While I admire Sen. Hershman’s stance on the matter and as much as I am a firm believer in the death penalty, ultimately this will not deter school shooters if history is any indicator. First off this would not apply to suspect’s who are minors as the U.S. Supreme Court has ruled that even minors who have been charged as adults can not be executed. Secondly, most adult school shooters are of the mindset that they will not live to be apprehended. Cho Seung-Hui, Stephen Kazmierczak, and Charles Carl Roberts IV, all committed suicide before they could be taken in. Even Cody Cousins killed himself in prison. None of these men were rational individuals so trying to deal with them on a rational basis would not have deterred them from their respective atrocities.
I think a better solution to deterring school shootings is making mental healthcare in our society less stigmatized and more readily available but even that’s not a perfect solution.
In my time of working on this website in its various incarnations I’ve heard a lot of stupid ideas that are designed to protect kids during a school shooting. This one may take the cake, or in this case creamed corn.
A middle school in Alabama sent a letter home to parents asking to give their kids a canned food item to bring with them to school, every day. This isn’t some kind of food drive, the cans are supposed to be used as potential weapons against a possible active shooter in the school. This school of thought comes from school defense program that a lot of schools use although it;s only one aspect of the program. However this is a dumb idea.
First off even a couple dozen kids armed with that can of unidentifiable food that even the food drives won’t take is no defense against a crazed individual with a high-powered weapon capable of dispensing hot leaded death at multiple rounds a second. Secondly kid are kids. They’re more likely to use the cans on each other than they are a possible threat.

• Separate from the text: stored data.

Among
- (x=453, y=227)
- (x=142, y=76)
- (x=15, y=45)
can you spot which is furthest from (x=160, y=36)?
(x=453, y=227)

Instead of wasting time and energy on harebrained schemes like this more effort should be put towards preventing school shootings by not only making mental healthcare more widely available but also by lessening the stigma that too many parents believe that getting your kids metal treatment means they’re broken or you failed as a parent somehow. You only fail if you don’t do anything.
I almost hate to give this story attention because that’s all it’s designed to do but I know there are going to be some people who are going to be spouting misinformation about it so I thought I’d better enter the fray.
So there’s this fairly new video game out called ‘Hatred’. It’s about what you’d expect, an ultraviolent blood soaked shooter designed only to cause controversy which it’s already somewhat achieved.
Here’s the trailer for it if you can stomach it as it is very graphic.
So let’s get some facts out there. This is not a game that little Billy can just buy out of the case from Wal-Mart. As of right now it’s only going to possibly be available for PC through the Steam Store. So far there’s no rating yet but I can’t see this getting anything less than an AO rating.
It’s already being called a ‘school shooting’ game which as always is a misnomer. From the trailer alone I could see that there were several different locations and the main antagonist doesn’t seem to be some high school kid in mom’s basement. This game is not going to cause your kids to shoot up their school. Art, and I use that term incredibly loosely here, imitates life.
As an almost 40 year gamer myself I have played some pretty violent games in the past decade or so. The difference between those games and Hatred is that Hatred has no moral consequences for the killing spree and no real end goal other than violence for the sake of violence. My personal impression of the game is that it is the video game equivalent of petulant child that only seeks attention. This game will not win any Game of the Year awards, it’s only there to kick the hornets’ nest and in my opinion the only people who will seriously play it will be the fedora wearing neckbeards who argue about ethics in video game journalism.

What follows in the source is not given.